Want

by Mother_North



Series: Dark Matter [1]
Category: Figure Skating RPF
Genre: 1st person pov, Angst, M/M, Obsession, Secret Relationship, Songfic, Sub/Dom undertones, yuzuvier mention
Language: English
Status: Completed
Published: 2017-09-07
Updated: 2017-09-07
Packaged: 2018-12-25 00:51:20
Rating: Mature
Warnings: Creator Chose Not To Use Archive Warnings
Chapters: 1
Words: 1,547
Publisher: archiveofourown.org
Story URL: https://archiveofourown.org/works/12024624
Author URL: https://archiveofourown.org/users/Mother_North/pseuds/Mother_North
Summary: The brighter the light is, the darker the shadows it casts are.





	Want

**Author's Note:**

> The song "Want" performed by the band Recoil inspired this and the author has zero regrets, eventually.  
> Lyrics are written in italics. All of the mistakes are my own.  
> Hope you'll enjoy a bit of a dark!Yuzu ;)  
> P.S. Too much "Recoil" can damage your health.

**

_I want to know how it will end_  
_I want to be sure of what it will cost_

Oh, but I remember so vividly how it all started. The moment, I saw you for the first time. You were on your own, standing on the subway platform, waiting for a train to arrive. It was already almost dark and thick Toronto dusk had descended upon the buzzing city. I could see your pale face illuminated with the luminescent cold light of the ceiling lamps, which highlighted each of your delicate features. Your thin lips moved, seemingly singing along the lyrics of the song which was playing in your headphones. You looked a bit carefree, immersed in your own world, never even casting me a single glance, though my eyes were devouring your image incessantly. I was awestruck by your dainty beauty. I was doomed right from the start. I knew I had to see you once again at any cost.

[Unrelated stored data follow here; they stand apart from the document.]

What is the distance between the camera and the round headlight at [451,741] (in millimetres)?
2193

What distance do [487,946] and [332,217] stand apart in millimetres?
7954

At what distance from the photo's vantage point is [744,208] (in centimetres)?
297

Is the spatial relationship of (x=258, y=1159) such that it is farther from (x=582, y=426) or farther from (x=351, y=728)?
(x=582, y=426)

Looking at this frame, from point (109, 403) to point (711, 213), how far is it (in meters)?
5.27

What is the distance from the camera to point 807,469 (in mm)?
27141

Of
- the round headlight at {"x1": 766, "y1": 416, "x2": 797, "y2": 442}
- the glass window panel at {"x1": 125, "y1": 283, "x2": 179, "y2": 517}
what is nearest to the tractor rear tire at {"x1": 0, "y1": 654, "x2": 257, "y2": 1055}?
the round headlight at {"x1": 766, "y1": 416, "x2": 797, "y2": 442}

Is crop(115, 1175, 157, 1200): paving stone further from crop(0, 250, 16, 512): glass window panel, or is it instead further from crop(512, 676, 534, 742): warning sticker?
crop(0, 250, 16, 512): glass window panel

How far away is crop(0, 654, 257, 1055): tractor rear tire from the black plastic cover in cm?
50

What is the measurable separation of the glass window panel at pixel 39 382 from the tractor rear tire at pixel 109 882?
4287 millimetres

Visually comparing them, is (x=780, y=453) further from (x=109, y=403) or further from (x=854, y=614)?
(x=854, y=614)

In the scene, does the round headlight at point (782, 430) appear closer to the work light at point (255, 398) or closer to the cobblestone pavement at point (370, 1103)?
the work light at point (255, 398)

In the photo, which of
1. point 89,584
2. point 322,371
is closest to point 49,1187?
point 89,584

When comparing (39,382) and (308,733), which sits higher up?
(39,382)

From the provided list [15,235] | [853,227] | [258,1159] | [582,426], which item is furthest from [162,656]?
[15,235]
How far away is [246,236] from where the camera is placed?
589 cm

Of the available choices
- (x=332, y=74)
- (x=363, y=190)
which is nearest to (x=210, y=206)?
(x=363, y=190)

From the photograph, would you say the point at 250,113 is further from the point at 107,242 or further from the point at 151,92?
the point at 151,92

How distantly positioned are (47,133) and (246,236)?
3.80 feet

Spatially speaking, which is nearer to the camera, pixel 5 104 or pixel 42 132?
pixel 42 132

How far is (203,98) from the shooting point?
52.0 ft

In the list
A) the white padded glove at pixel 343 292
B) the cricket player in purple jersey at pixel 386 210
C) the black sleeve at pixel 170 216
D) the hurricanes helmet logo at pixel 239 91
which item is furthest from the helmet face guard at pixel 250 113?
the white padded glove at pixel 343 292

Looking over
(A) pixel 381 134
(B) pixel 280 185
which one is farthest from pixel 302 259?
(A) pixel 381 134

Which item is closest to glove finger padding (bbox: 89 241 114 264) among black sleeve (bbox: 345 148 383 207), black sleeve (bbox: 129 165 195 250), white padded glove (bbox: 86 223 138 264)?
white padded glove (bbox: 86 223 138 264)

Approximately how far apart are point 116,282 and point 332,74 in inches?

_I want to strangle the stars for all they promised me_  
_I want you to call me on your drug phone_  
_I want to keep you alive so there is always the possibility of murder later_

The brighter the light is, the darker the shadows it casts are. You are the epitome of soothing light which can become deadly sizzling in an instant. Seeing you lay on the hotel bed with your arms splayed, in all of your naked glory, waiting for me to come to you obediently and beg for just one touch, which, of course, still has to be earned. It is true that the stars shining in the bottomless darkness of your eyes are a constant promise of delights I never even knew existed. I crawl to you slowly, heat rising to my cheeks, first sting of heavy arousal settling in my underbelly. You are smiling knowingly and for this smile alone I feel like I could kill, starting with my own shame curled deep inside.

_I want to be there when you learn the cost of desire_  
_I want you to understand that my malevolence is just a way to win_  
_I want the name of the ruiner_  
_I want matches in case I have to suddenly burn_  
_I want you to know that being kind is overrated_

I bend down to put reverent kisses upon your ankles, my lips moving tentatively. I know that today you would like to be treated as some kind of a deity and I obey your wishes. Always. There is no way around. You’ve made it clear who of the two of us sets the rules: no questions, no names, no obligations. Just the two of us lost in each other in the darkness of the night for a couple of hours. Occasional secret trysts which have become an irreplaceable potent drug of mine. I burn to ashes at the altar of your worship to be resurrected later by one of your sweet comforting kisses. I don’t even have to think twice when you ask me to kneel and lick your toes. _I am ablaze_.

_I want to write my secret across your sky_  
_I want to watch you lose control_  
_I want to watch you lose_

_I want to know exactly what it's going to take_  


Of all the things I’ve learned about you, the first was that you absolutely hate losing. No matter how high the stakes are. Even now, while lying on the floor with your hands bound tightly behind your back. You look defiant, you look so haughty and unbroken. I can see the dare written all over your face and in the dark gleam of your eyes. It’s a significant part of the power of your attraction, I must confess. Smiling inwardly, I bring my hands to caress your lower back in gentle circular motions, outline each of your protruding vertebras with my tongue. I can feel a shiver running down your spine momentarily. I want to watch you lose yourself to me and today _I will_.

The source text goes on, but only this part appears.